You will get that equation by taking $x$ to be the displacement of the mass from its initial position, with positive $x$ in the direction of the spring with constant 50 N/m.

3. Jun 3, 2014

### tms

It is best to solve problems symbolically, and to only plug in numbers at the very end. That way you can see at each step what is going on.
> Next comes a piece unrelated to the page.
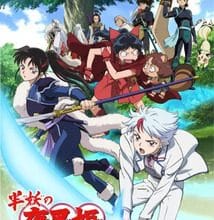 تحميل جميع حلقات انمي Hanyou no Yashahime: Sengoku Otogizoushi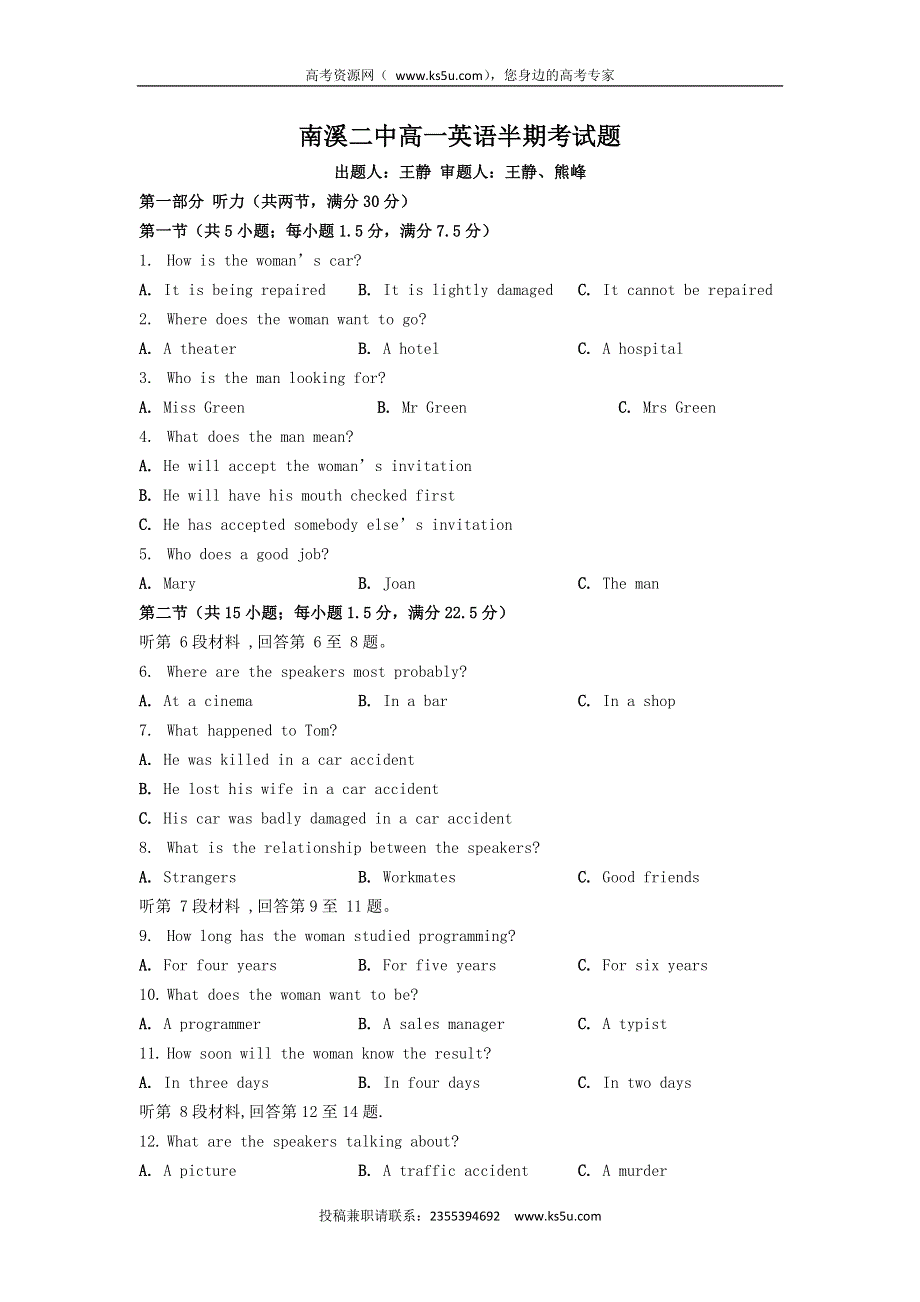 四川省宜宾市南溪区第二中学校2015-2016学年高一上学期期中考试英语试题 WORD版含答案.doc_第1页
Try doing that with your second method.

4. Jun 3, 2014

### Karol

Yes, this is another way to look at my second method. your x, the displacement of the mass, is equal to my x, the distance to the wall. of course the mass moves, but to me it was clearer to visualize with the mass fixed.
So, this equation:
$50(0.1-x)=30(0.1+x)$
Describes the mass's displacement x as you said but it's wrong.

5. Jun 3, 2014

### pasmith

Solving that gives $80x = 2$, so $x = 1/40 = 0.025$. The extension in the spring with constant 50 is then $0.1 - x = 0.075$, in agreement with your first method.

6. Jun 3, 2014

### Karol

Now continuing i have to show that the combined spring constant, or as the question says the effective force constant (i hope it's the same as i said) is 80.
But to my understanding it's 30 since one spring works against the other

7. Jun 4, 2014

### pasmith

Work out the equation of motion of the mass, and express it in the form $$m\ddot x = A - Bx.$$ What is $B$?